Em recurso especial à Corte Superior, o Ministério Público do Estado (MPSC), a exemplo de outros casos semelhantes registrados recentemente, sustentou a violação/negativa de vigência aos artigos 215-A e 217-A, § 1º, ambos do Código Penal, sob argumento de que, ao contrário do que restou consignado no acórdão recorrido, “a prática de ato libidinoso diverso da conjunção carnal contra pessoa vulnerável configura o delito de estupro de vulnerável, independentemente da ligeireza ou da superficialidade da conduta”.

Argumentou ainda que “não é necessário que os atos libidinosos sejam intensos para a caracterização do crime em tela, porquanto é pacífica a compreensão, no STJ, de que o delito de estupro de vulnerável se consuma com a prática de qualquer ato de libidinagem ofensivo à dignidade sexual.
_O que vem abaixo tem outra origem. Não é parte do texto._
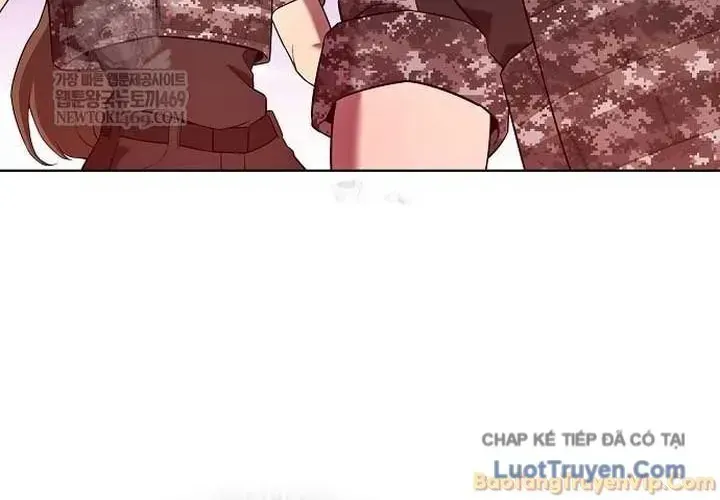 Ma Pháp Sư Hắc Ám Trở Về Để Nhập Ngũ Chap 84 - Next Chap 83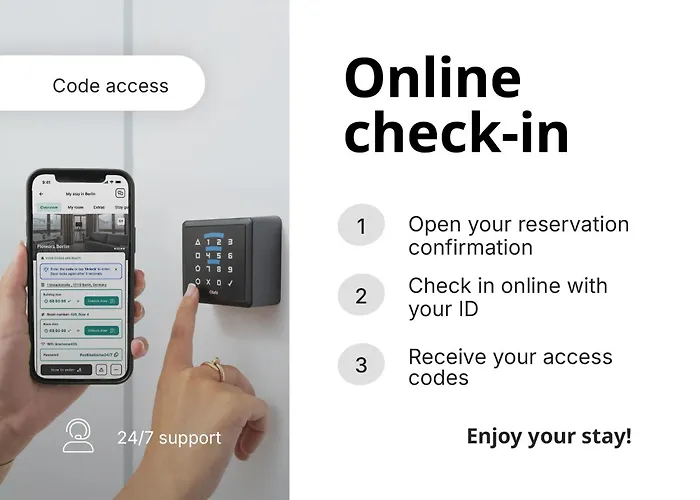 Limehome San Giacomo di Compostella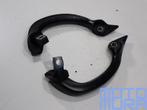 Duo handvatten voor de Kawasaki ZX6R 1998 - 1999 ZX-6R ZX6-R, Motoren, Ophalen of Verzenden, Gebruikt
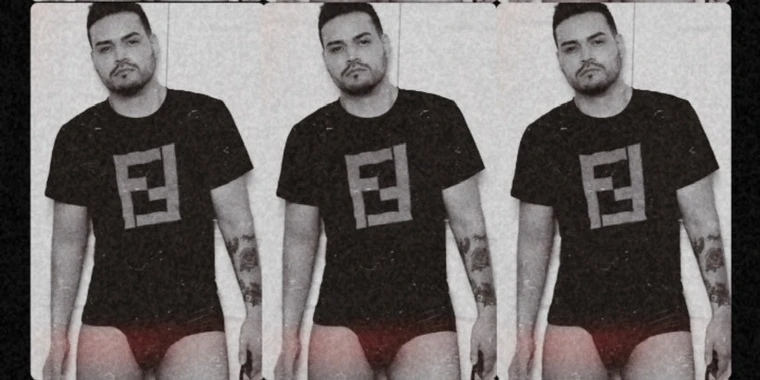 creator header picture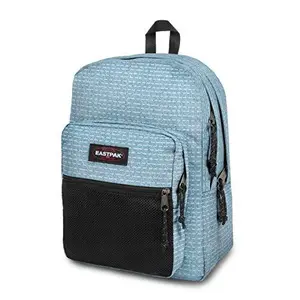 Mochila Eastpak Pinnacle image-3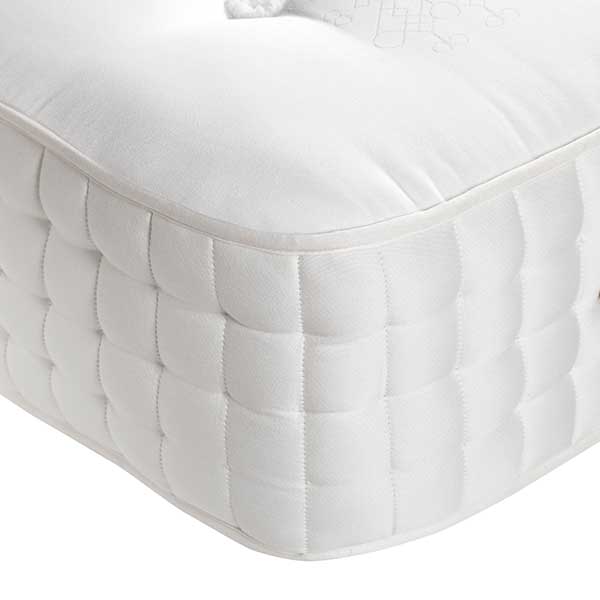 Somnus Countess 11 000 Mattress
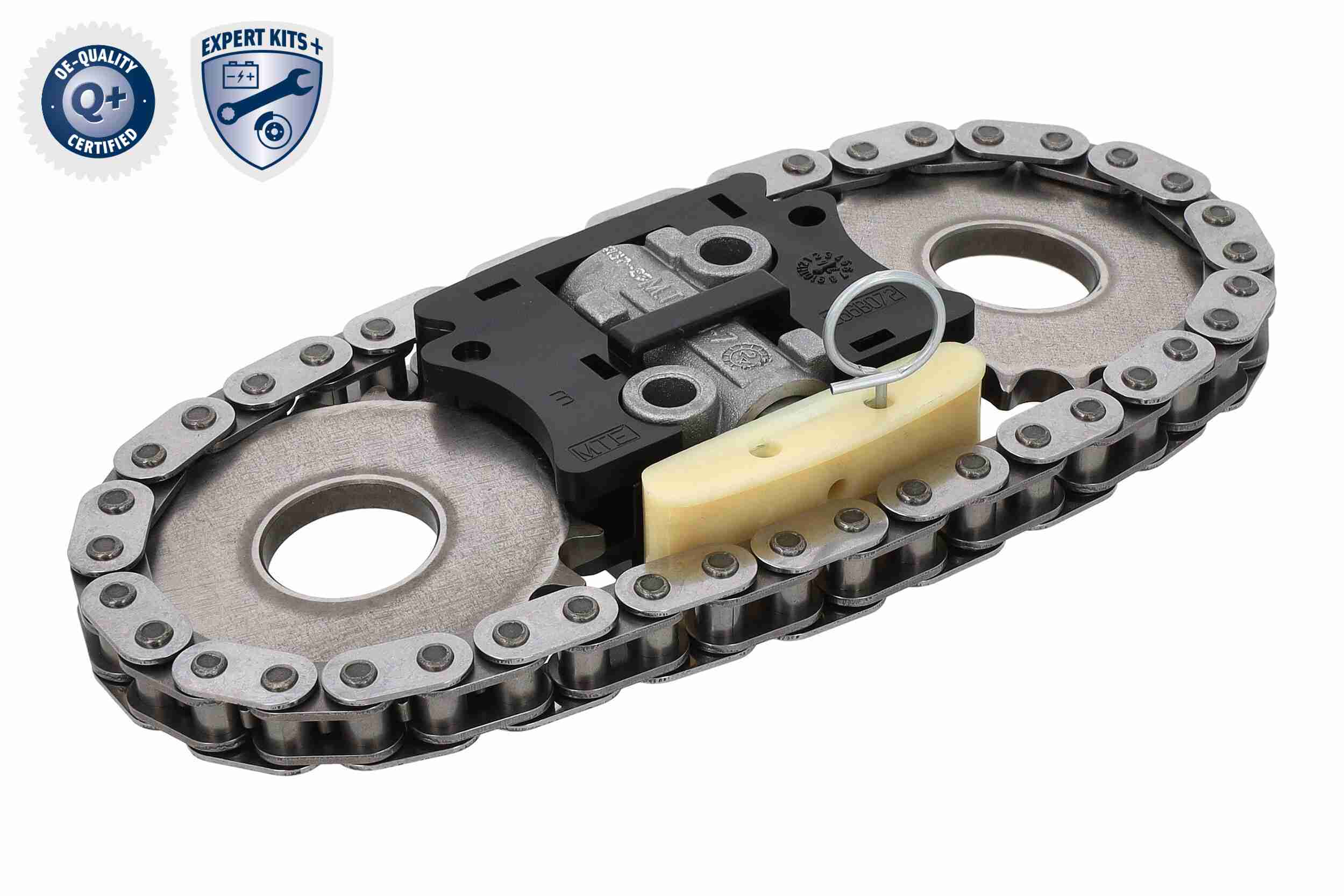 Vaico Distributieketting kit V24-10003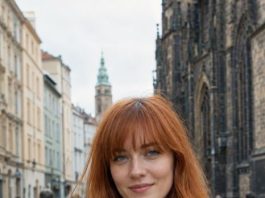 Сегодня на банковский счет Анны поступило семнадцать тысяч. Она шла домой в хорошем настроении, почти улыбаясь сама себе.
Por isso, a alegação de que os atos não foram tão invasivos ou realizados de forma fugaz não desnatura a caracterização do crime previsto no art. 217-A do CP”.

Ao analisar o caso, o ministro deu razão ao MPSC. Entre outros pontos, elencou Messod Azulay Neto:

Importa ressaltar, ademais, que ato libidinoso, atualmente descrito nos artigos 213 e 217-A do Código Penal, não é só o coito anal ou o sexo oral, mas podem ser caracterizados mediante toques, beijo lascivo, contatos voluptuosos, contemplação lasciva, dentre outros.
Isto porque o legislador, com a alteração trazida pela Lei n. 12.015/2009, optou por consagrar, no delito de estupro, a pratica de conjunção carnal ou outro ato libidinoso, não havendo rol taxativo ou exemplificativo acerca de quais atos seriam considerados libidinosos.
Desta maneira, não distingue a norma penal a natureza ou a forma do ato libidinoso, sendo essencial, entretanto, que o agente se utilize da vulnerabilidade da vítima para satisfazer sua lascívia.